**WHAT IS NEEDED:** From the line containing "1957 Birmingham frame" through the last line below, copy every line exactly, leaving out the pictures.

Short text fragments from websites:
———

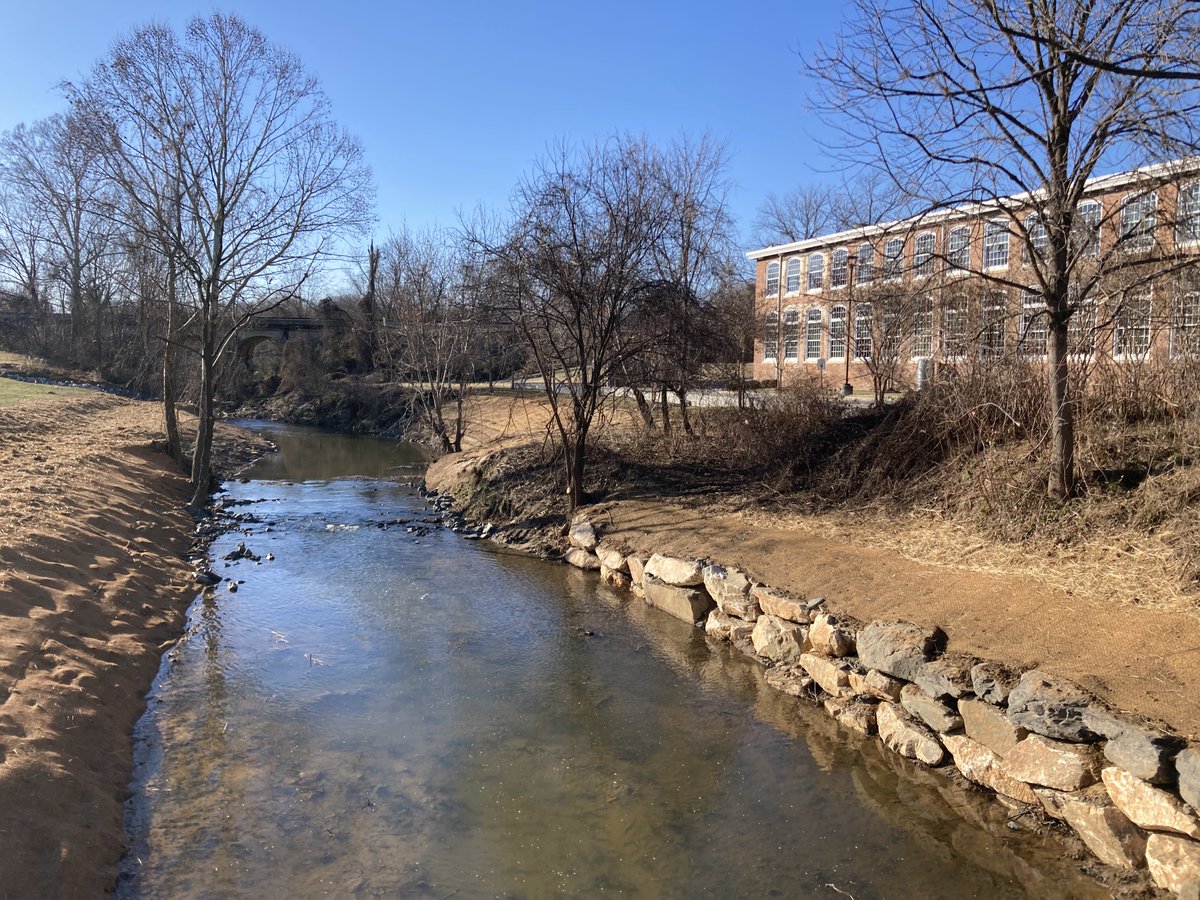 A beautiful stream restoration now graces the historic Revolution Mill project. <a href="/SelfHelpCU/">Self-Help</a>  does such motivating real estate projects!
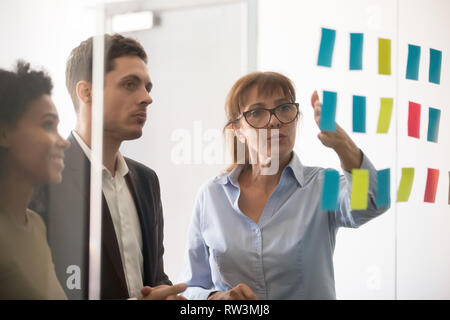 Im mittleren Alter Geschäftsfrau erklärt Projekt Strategie für Haftnotizen Stockfoto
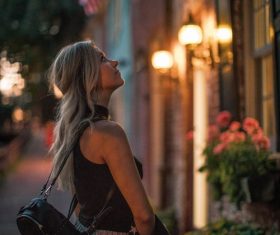 Woman on the street in the evening Stock Photo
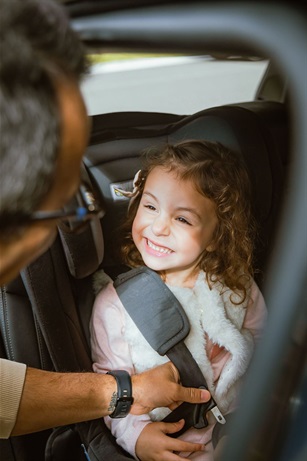 IMAGE-Smiling-Toddler-in-Car-Seat.jpg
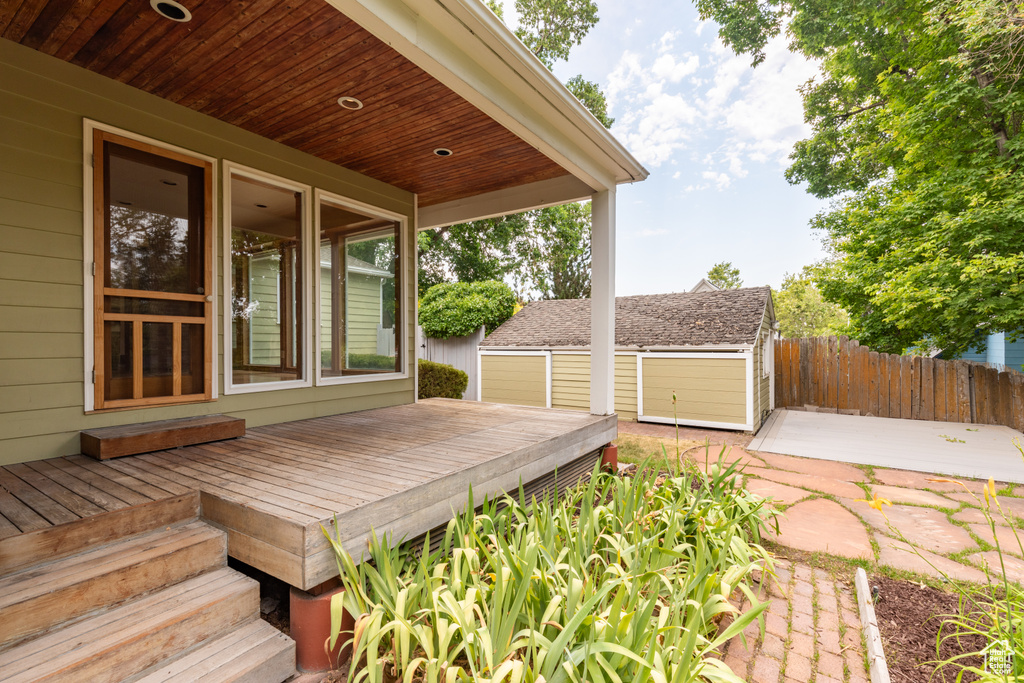 Wooden deck with a storage shed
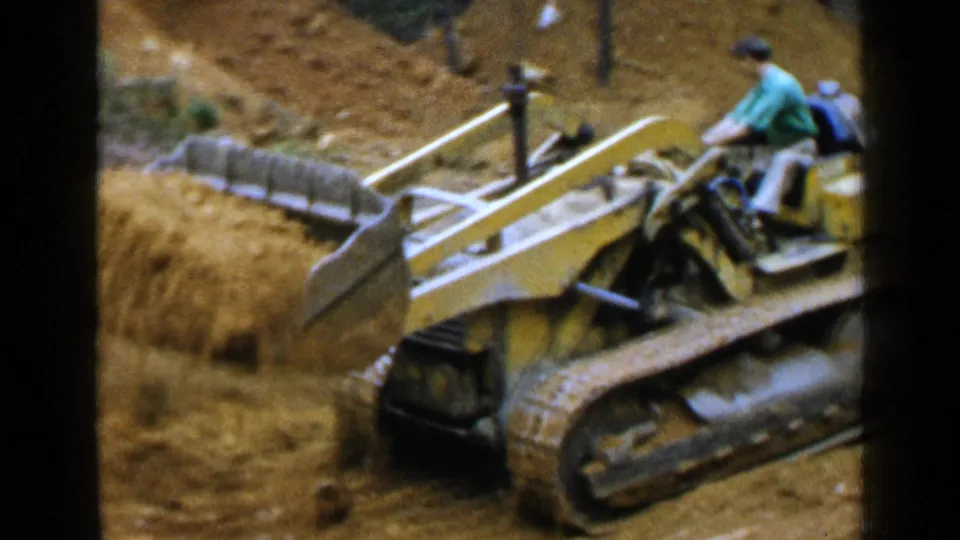 1957 Birmingham frame with an adult operator in a green shirt driving a yellow tracked bulldozer across loose soil.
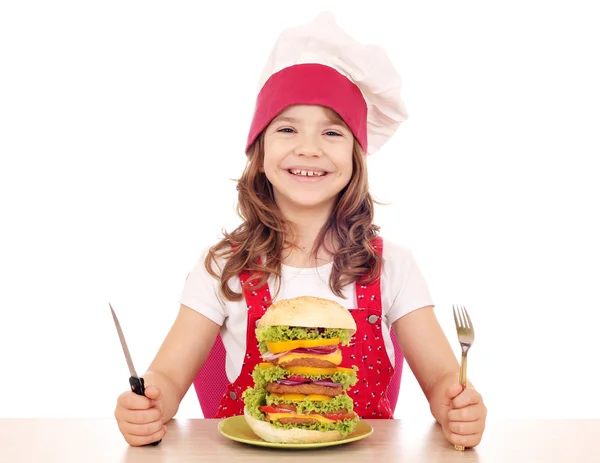Hungry little girl cook with big hamburger — Stock Photo, Image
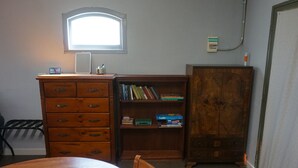 Una stanza con un comò in legno, una libreria, un tavolo con una ciotola verde e una finestra che lascia entrare luce naturale.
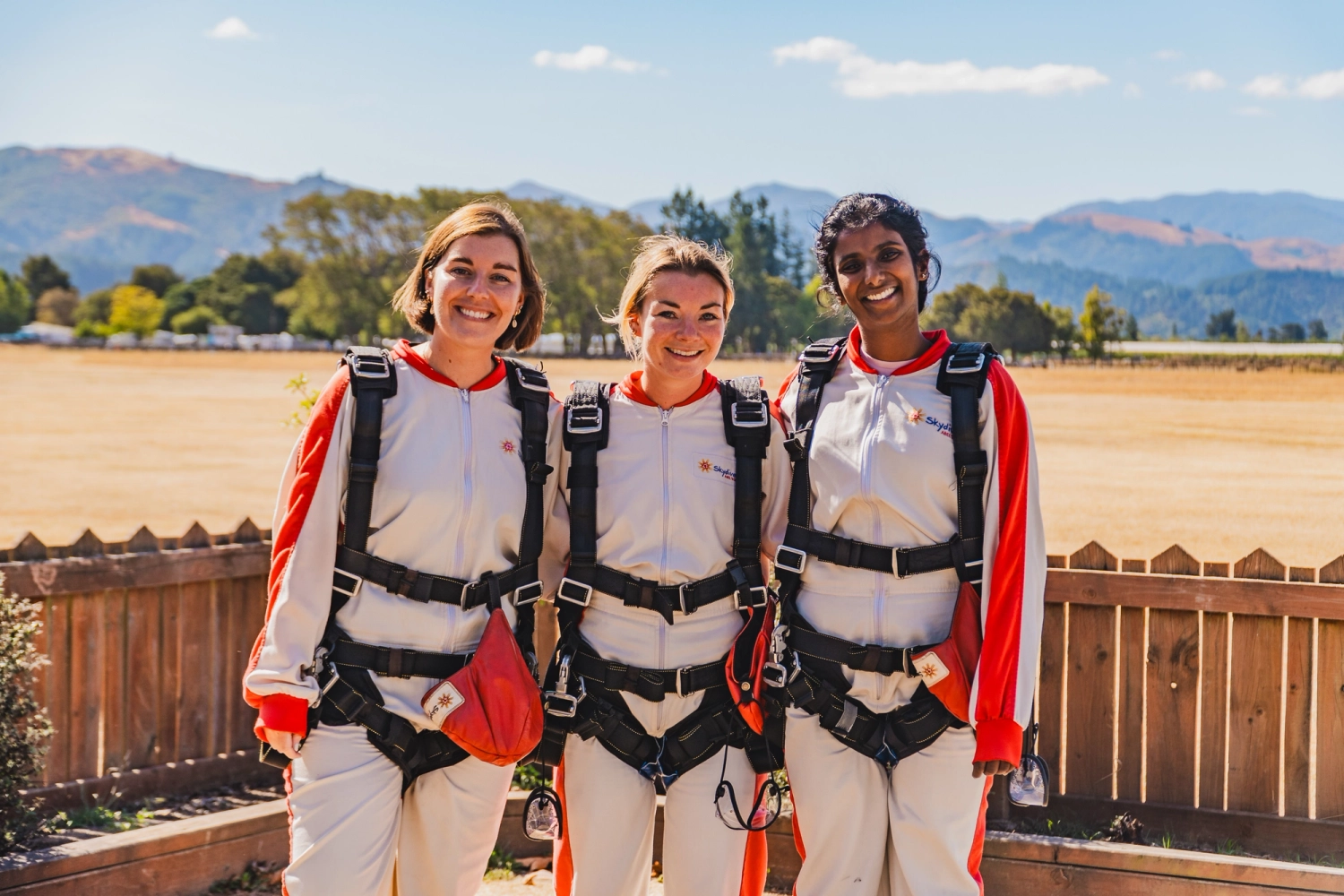 3 women smiling after skydive session in Queenstown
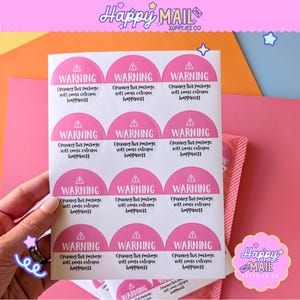 May include: A sheet of pink and white warning stickers. Each sticker is a half-circle with the word "WARNING" and the text "Opening this package will cause extreme happiness". These stickers are for packaging supplies.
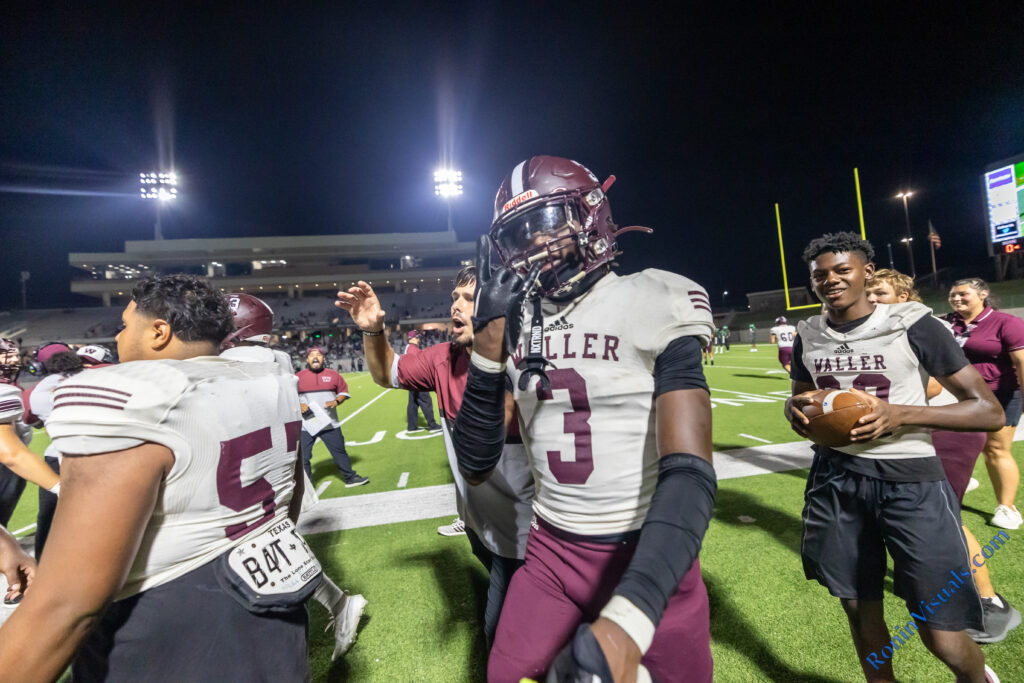 Curtis Gooden (3) celebrates after returning an interception 85 yards, putting the Bulldogs up, 21-0. The Waller Bulldogs break their losing streak with a victory over Katy Mayde Creek’s Rams, 35-0, at Legacy Stadium, Saturday, Sept. 2, 2023. (Photo courtesy RoninVisuals.com)
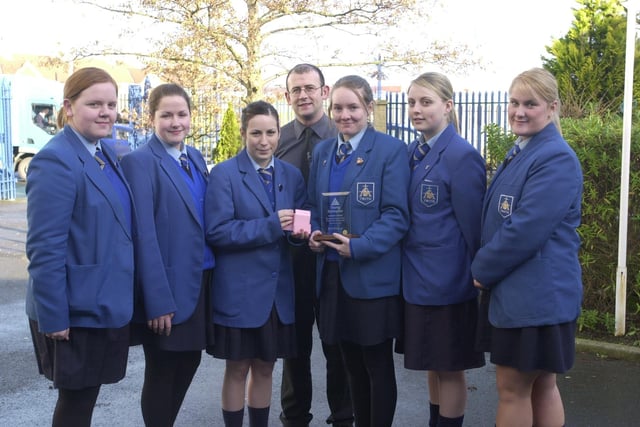 Pupils from St Mary's College with their Young Enterprise Award for best product, a mobile phone charger tidy. Included s technology teacher Gavin Molley.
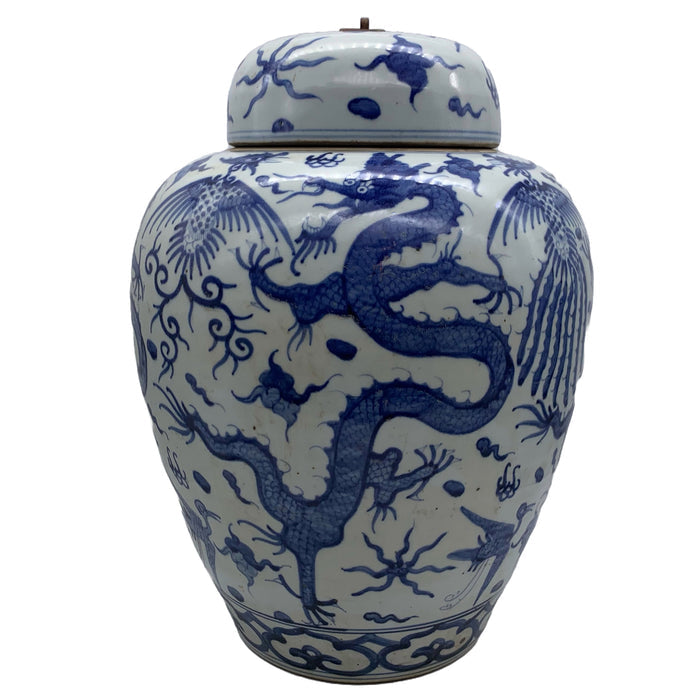 Blue and white lidded ceramic ginger jar with dragon motif.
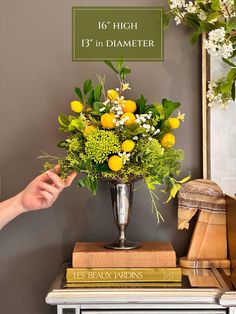 Delightful centerpiece arrangement of faux lemon tree branches, white Baby's breath blossoms, green berry clusters, delicate greenery and trailing vines. This is a *One of a Kind* arrangement made in a vintage antique silver vase. Once it is sold - it will never be offered again :) Handmade by me - just for you! Perfect in a sunny kitchen or any corner that needs a little summertime joy. Approximate size: 16" high 13" in diameter *Please see my shop for the other nearly-natural floral arrangements, exquisite floral stems and unique greenery: https://www.etsy.com/shop/IntoTheOrchard Faux Lemon Tree, Tall Centerpiece, Sunny Kitchen, Tall Centerpieces, Silver Vase, Lemon Tree, Artificial Flower Arrangements, Nearly Natural, Baby's Breath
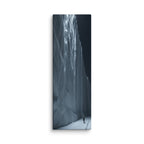 Nightfall Cascade, tall wrapped canvas print: a glowing blue frozen waterfall wall at night with a lone figure and footprints in the snow.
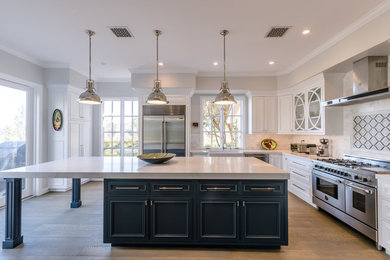Inspiration for a large traditional l-shaped kitchen in Los Angeles with a belfast sink, recessed-panel cabinets, white cabinets, stainless steel appliances, medium hardwood flooring and an island.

———

**SOLUTION TO THE PROBLEM:**
 1957 Birmingham frame with an adult operator in a green shirt driving a yellow tracked bulldozer across loose soil.
Hungry little girl cook with big hamburger — Stock Photo, Image
 Una stanza con un comò in legno, una libreria, un tavolo con una ciotola verde e una finestra che lascia entrare luce naturale.
 3 women smiling after skydive session in Queenstown
 May include: A sheet of pink and white warning stickers. Each sticker is a half-circle with the word "WARNING" and the text "Opening this package will cause extreme happiness". These stickers are for packaging supplies.
 Curtis Gooden (3) celebrates after returning an interception 85 yards, putting the Bulldogs up, 21-0. The Waller Bulldogs break their losing streak with a victory over Katy Mayde Creek’s Rams, 35-0, at Legacy Stadium, Saturday, Sept. 2, 2023. (Photo courtesy RoninVisuals.com)
 Pupils from St Mary's College with their Young Enterprise Award for best product, a mobile phone charger tidy. Included s technology teacher Gavin Molley.
 Blue and white lidded ceramic ginger jar with dragon motif.
 Delightful centerpiece arrangement of faux lemon tree branches, white Baby's breath blossoms, green berry clusters, delicate greenery and trailing vines. This is a *One of a Kind* arrangement made in a vintage antique silver vase. Once it is sold - it will never be offered again :) Handmade by me - just for you! Perfect in a sunny kitchen or any corner that needs a little summertime joy. Approximate size: 16" high 13" in diameter *Please see my shop for the other nearly-natural floral arrangements, exquisite floral stems and unique greenery: https://www.etsy.com/shop/IntoTheOrchard Faux Lemon Tree, Tall Centerpiece, Sunny Kitchen, Tall Centerpieces, Silver Vase, Lemon Tree, Artificial Flower Arrangements, Nearly Natural, Baby's Breath
 Nightfall Cascade, tall wrapped canvas print: a glowing blue frozen waterfall wall at night with a lone figure and footprints in the snow.
Inspiration for a large traditional l-shaped kitchen in Los Angeles with a belfast sink, recessed-panel cabinets, white cabinets, stainless steel appliances, medium hardwood flooring and an island.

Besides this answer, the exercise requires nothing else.